Hey everyone, I'm almost a year into my model A project and the time has come for me to face some subframe and body issues. For those interested the project started as a rolling chassis I purchased in Vermont last summer I knew from the beginning it was going to be a traditional flathead/3 speed car. I have my rolling chassis almost done now aside from swapping the rear end to hydraulic brakes. It has a 1941 v8 with an f1 tranny I rebuilt to be closed drive so it would fit with my Vern Tardel k member and stock banjo. Up front is a 32 heavy axle with matching 32 wishbone all hung from a posies spring. I purchased my coupe body last November mostly on a whim because I had really wanted a coupe. I knew it needed subframe work, and more importantly I knew that I don't have a lot of experience with welding and body work. But here I am. So now I am looking for some advice on how to go about my repairs. Knowing that the body is missing the subframe by the rear wheel wells and it is also missing the front uprights that go to the firewall I believe. I am aware of the full floor replacements and the full and half patches for the subframe from brookville roadster. I have never mounted a model a body and never attempted serious structural body work before, knowing this I would appreciate some recommendations from the experienced people here! Here are some photos of the damage. Hope the photos uploaded properly Thanks everyone.

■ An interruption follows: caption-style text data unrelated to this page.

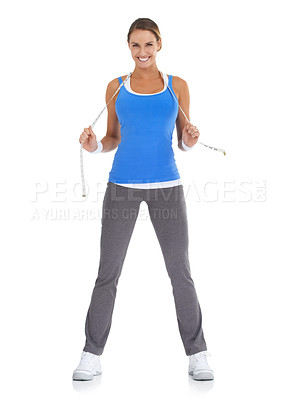 Buy stock photo Health, measuring tape and portrait of woman in a studio for exercise, training or workout. Fitness, smile and young happy female person with equipment for weight loss isolated by white background.
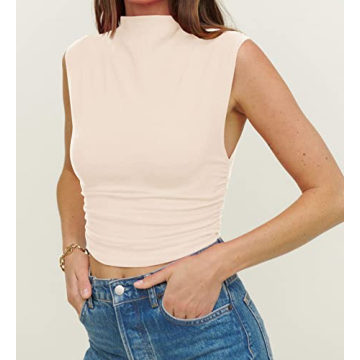 Stylish KAMISSY Mock Neck Crop Top for Women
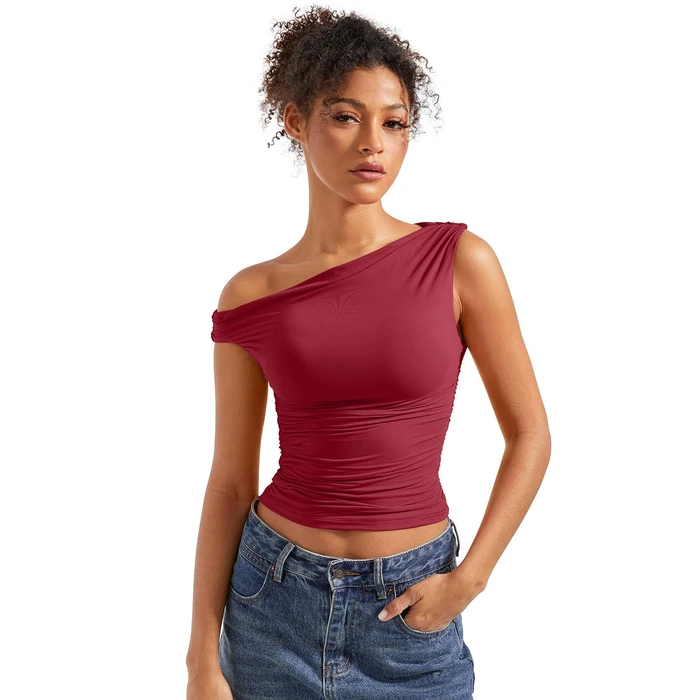 SUUKSESS Women Off Shoulder Tops Sleeveless Shirts Y2K Trendy Going Out Crop Tank Top (Wine Red,L) by SUUKSESS - Image 1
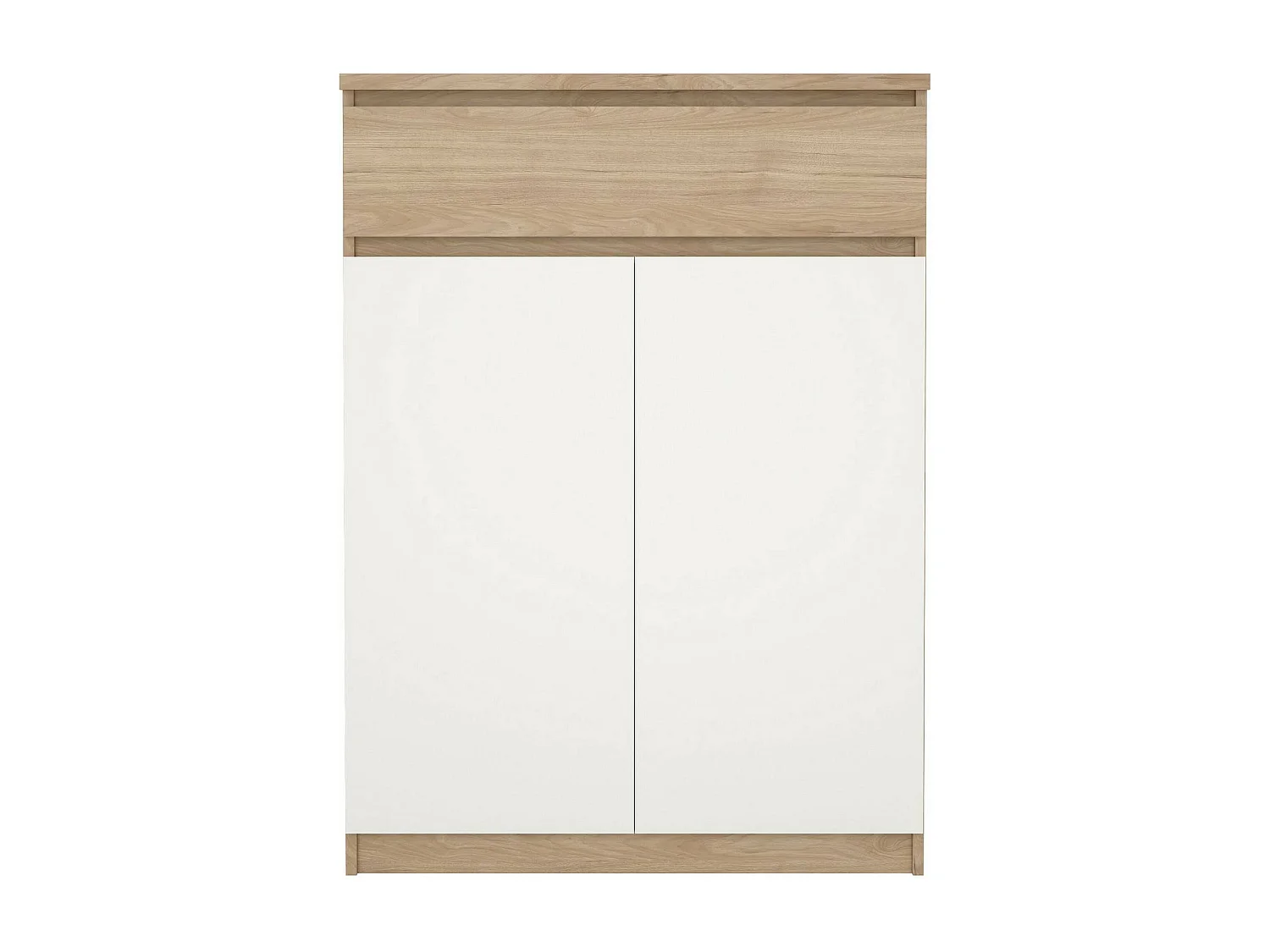 Dtravers schoenenrek, Schoenenkast, Multifunctionele entreekast, Schoenenkast, 80x40 h111 cm, Eiken en Wit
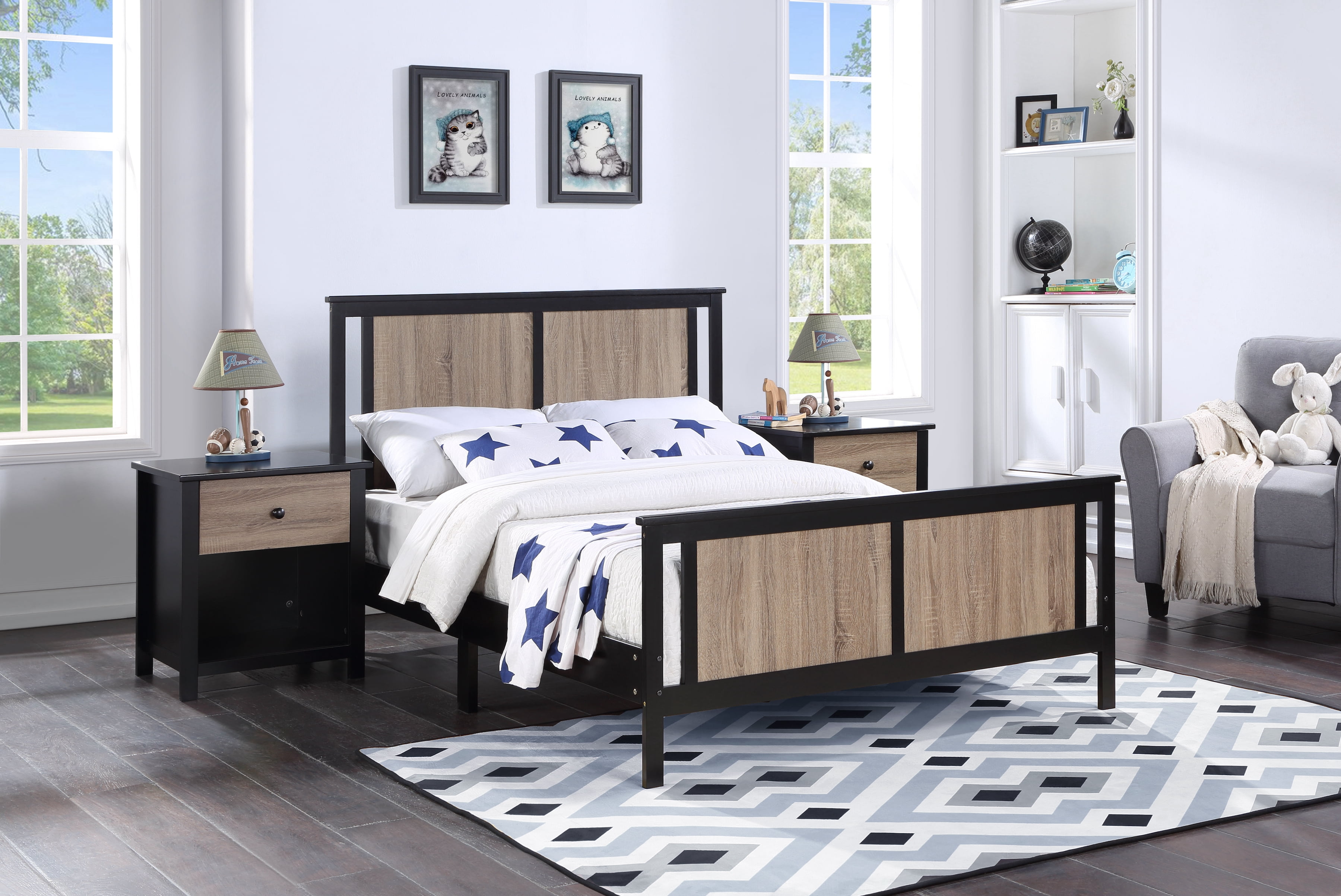 Olive & Opie Connelly Full Bed Black/Vintage Walnut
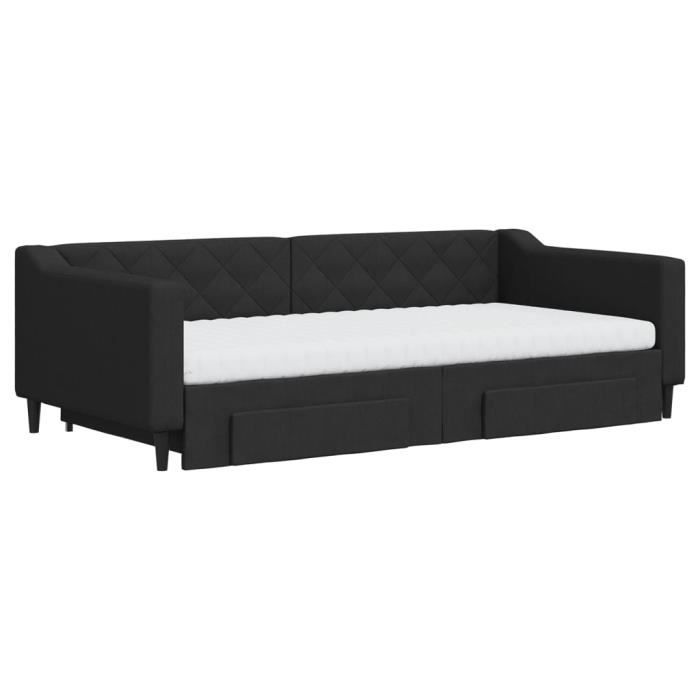 VidaXL Daybed with Trundle and Drawers Black 100x200 Cm Fabric 3197487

the front floor angled panels are called toe boards... the section they rivet to are subfloor extentions... I would buy the correct [10] wooden mounting blocks... from the cowl back the body will bolt through the sub floor cross rails and blocks not the main subrails... make sure your door jams and gaps are ok... measure diagonally from different spots and often... the rear of the body hangs past the end of the frame by a foot, it is supported by a couple foot long sections of mounting blocks... . I have a 36" rear subfloor section for a '30 coupe, I will use it, but am sending pix... the re-enforced holes about halfway back is where the frame ends... will take measurements if you need them as the repops I have are blanks... . there are no flanges on the outside edge of the subrail...
If I had your coupe I'd buy the full length Brookville subrails, but probably only use them from the door posts on back. Hard to tell exactly from your pics, but are the originals solid in the door area? Do the cross measurements like mentioned above, and weld in some diagonal braces to keep it in shape. Make sure to test fit the deck lid as all these loose rearend measurements will have a huge impact on the deck lid opening. Find a nice original rear cross subrail, since the repros don't look quite right. Then measure a few times and cut the new subrails a little long and hold them up into place before making the joint line cut behind the rear door post. Be aware that sometimes the wood block kits might not be perfect, and could still need a little grinding to thin it up, or shims to bulk it up for a perfect fit. Hope your frame is straight!
The attached link shows the whole sub-frame and installation and how this guy went about redoing his http://www.fordgarage.com/pages/bodyassembly.htm.
You need the wood blocks to set the cowl. I would get new sub-rails. It makes it a snap line up the body panels. Joe
Whats the best source for subrails nowadays.. ( quality , fitment , shipping , delivery time ,etc ...) for my '31 Coupe project Stan
Thanks for the advice everyone, i have read as many sub floor repair threads as I could find but everyone's car is rotted a little differently so the opinions are quite helpful. I have started by ordering the body mounting blocks and bolts and will first work to start bolting down the cowl and then cutting and installing the cross rails on the good parts of the subframe. I am thinking that the rear sub frame replacement would be a setup as the area by my doors and forward of that are in good shape. Some more pics of the door area The full floor from brookville is pretty tempting but it doesn't seem completely necessary for my project. I did make sure to check the straightness of the frame before assembling the chassis! Thanks again for the help
Brian, A few years ago I was in the same boat with my '30 coupe wondering what to do. Here's what I ended up doing once I spoke to the guys at Brookville Roadster. They put together a set of subframe rails with just the three cross pieces riveted in and no floor panels. They fit these together in a jig to make sure everything is square. With the H.A.M.B. discount it was half the price your seeing above...maybe a little more these days. They will also deliver anything to the bigger shows for free. I'm lucky enough to live near Carlisle and Hershey. I removed the original subframe from the cowl and B pillar by drilling out the rivets. Started by mounting the cowl and working my way back. I reused my original rear crossmember. Just another option. The guys at Brookville Roadster are great to work with.
brian, what are the long wooden rails for ? they look too high to align the cross channels top to bottom...... thanks
I like that idea, I will give definitely try to give them a call this week, il make sure to post on here if they can do something like that for me Because the subframe is missing in the rear we put the long pieces of wood under it and clamped them to the frame so that the rear sheet metal could be supported and not sag down at all.